Remember, races are long, so backing drivers with fast cars over the long haul is a smart way to invest in NASCAR.
2. Know the track type
In my experience, practice performance is more predictive of speed in the race itself at intermediate racetrack with significant tire wear. These tracks include Auto Club Speedway, Atlanta Motor Speedway, Homestead-Miami Speedway, Chicagoland Speedway and Darlington Raceway.
In addition, track size matters as well.
For example, a 15-lap run in practice at Auto Club Speedway — a 2.0-mile track — is much more significant than a 15-lap practice run at Martinsville Speedway — a half-mile circuit.
They’re both “15-lap runs,” but 15 laps at Auto Club represents 30 miles while being just 7.5 miles at Martinsville.
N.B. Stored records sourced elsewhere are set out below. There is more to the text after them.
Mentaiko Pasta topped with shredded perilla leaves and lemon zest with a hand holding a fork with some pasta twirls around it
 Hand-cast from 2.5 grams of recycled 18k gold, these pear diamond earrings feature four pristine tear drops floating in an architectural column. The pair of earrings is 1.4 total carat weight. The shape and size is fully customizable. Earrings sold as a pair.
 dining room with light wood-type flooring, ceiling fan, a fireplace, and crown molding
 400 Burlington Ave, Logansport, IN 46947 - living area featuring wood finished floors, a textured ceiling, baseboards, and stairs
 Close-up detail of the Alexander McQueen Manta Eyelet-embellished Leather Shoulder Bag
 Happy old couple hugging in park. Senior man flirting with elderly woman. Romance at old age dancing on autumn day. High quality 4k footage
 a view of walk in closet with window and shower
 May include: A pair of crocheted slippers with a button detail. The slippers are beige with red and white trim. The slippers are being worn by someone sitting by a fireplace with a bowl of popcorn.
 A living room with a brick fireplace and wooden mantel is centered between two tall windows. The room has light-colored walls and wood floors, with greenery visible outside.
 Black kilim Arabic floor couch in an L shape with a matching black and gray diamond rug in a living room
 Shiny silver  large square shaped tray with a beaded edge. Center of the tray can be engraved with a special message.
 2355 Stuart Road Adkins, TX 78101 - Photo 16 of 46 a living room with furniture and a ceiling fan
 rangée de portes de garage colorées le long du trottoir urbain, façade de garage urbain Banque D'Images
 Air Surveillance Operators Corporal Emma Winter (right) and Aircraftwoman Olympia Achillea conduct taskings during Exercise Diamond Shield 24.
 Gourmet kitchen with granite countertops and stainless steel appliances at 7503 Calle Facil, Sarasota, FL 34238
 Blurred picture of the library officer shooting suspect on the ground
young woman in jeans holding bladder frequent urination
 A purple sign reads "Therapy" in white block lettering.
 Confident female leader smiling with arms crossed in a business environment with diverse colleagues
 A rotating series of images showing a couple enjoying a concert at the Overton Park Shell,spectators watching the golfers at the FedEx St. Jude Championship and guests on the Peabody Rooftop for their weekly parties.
Obviously, 30 miles in a single run tells us a lot more about the overall speed of the race car than just 7.5 miles at a shorter track.
3. Listen to driver interviews
Speeds don’t tell the full story in practice, especially at the majority of tracks that don’t offer high tire wear like I explained above.
Practice does matter in some capacity at all tracks, but it’s important to understand just how much to weigh it depending on the location of the current week’s event.
Driver quotes are another good way to help wade through the data and pick out who will be fast on raceday. Part of the practice broadcasts include interviews with drivers, who often give valuable feedback regarding their cars that you can’t see on a time sheet.
In fact, some drivers, like Chase Elliott, never seem to dominate practice even if they have great cars. I refer to Elliott as a “feel” driver, similar to Jeff Gordon, who focuses more on getting the car to feel a certain way throughout a run as opposed to raw speed, therefore he won’t necessarily top the board in practice.
But Elliott is also honest in interviews and will often explain how good or bad the car is.
On the other hand, when Kevin Harvick has it, he shows it. If Harvick is fast, he dominates practice and wants to rest of the field to know it.
So if you see Harvick at the top of the practice board, especially over long runs, he often will also have that speed in the race.